# REQUIRED ACTION
When you find the line with "Photo - 22335 Kittridge St" among the records below, reproduce it and each line after it exactly, ending with the line with "Used 2025 Chevrolet".
━━━━━ DATA FOR THE TASK ━━━━━
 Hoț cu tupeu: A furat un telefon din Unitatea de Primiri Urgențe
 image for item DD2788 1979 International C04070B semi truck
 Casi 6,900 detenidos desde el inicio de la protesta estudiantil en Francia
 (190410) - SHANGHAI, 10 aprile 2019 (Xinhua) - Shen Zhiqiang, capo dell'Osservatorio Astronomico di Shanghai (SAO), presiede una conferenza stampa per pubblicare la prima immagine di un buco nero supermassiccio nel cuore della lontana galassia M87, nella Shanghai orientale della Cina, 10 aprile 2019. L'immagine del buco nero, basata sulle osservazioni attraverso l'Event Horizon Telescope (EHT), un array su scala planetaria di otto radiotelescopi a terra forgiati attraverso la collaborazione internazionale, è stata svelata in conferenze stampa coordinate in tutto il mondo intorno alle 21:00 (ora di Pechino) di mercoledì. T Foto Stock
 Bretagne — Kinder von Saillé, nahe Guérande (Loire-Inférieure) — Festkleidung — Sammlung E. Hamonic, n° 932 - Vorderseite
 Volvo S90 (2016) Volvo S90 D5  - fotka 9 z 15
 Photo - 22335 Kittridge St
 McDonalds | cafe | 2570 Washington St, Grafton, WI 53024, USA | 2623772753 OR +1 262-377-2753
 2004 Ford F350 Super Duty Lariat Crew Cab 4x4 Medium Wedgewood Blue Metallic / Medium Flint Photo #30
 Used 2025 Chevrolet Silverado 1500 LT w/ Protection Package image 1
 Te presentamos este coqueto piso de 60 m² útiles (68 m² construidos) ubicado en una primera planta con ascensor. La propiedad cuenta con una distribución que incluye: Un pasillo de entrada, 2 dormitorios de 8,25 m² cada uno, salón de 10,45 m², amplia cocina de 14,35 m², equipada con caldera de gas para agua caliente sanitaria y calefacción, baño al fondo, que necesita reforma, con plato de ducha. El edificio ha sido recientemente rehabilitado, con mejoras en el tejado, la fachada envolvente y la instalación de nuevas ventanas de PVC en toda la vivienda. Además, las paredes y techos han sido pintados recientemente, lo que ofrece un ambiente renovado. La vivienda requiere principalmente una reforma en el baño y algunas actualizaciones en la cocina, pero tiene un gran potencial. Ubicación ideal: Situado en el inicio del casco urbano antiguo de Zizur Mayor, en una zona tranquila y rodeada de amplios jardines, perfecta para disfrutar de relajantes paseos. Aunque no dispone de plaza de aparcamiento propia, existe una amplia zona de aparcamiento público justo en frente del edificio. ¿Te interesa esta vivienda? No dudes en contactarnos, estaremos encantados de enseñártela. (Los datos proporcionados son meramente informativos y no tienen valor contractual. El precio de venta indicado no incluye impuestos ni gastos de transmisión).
━━━━━
# TASK OUTPUT
 Photo - 22335 Kittridge St
 McDonalds | cafe | 2570 Washington St, Grafton, WI 53024, USA | 2623772753 OR +1 262-377-2753
 2004 Ford F350 Super Duty Lariat Crew Cab 4x4 Medium Wedgewood Blue Metallic / Medium Flint Photo #30
 Used 2025 Chevrolet Silverado 1500 LT w/ Protection Package image 1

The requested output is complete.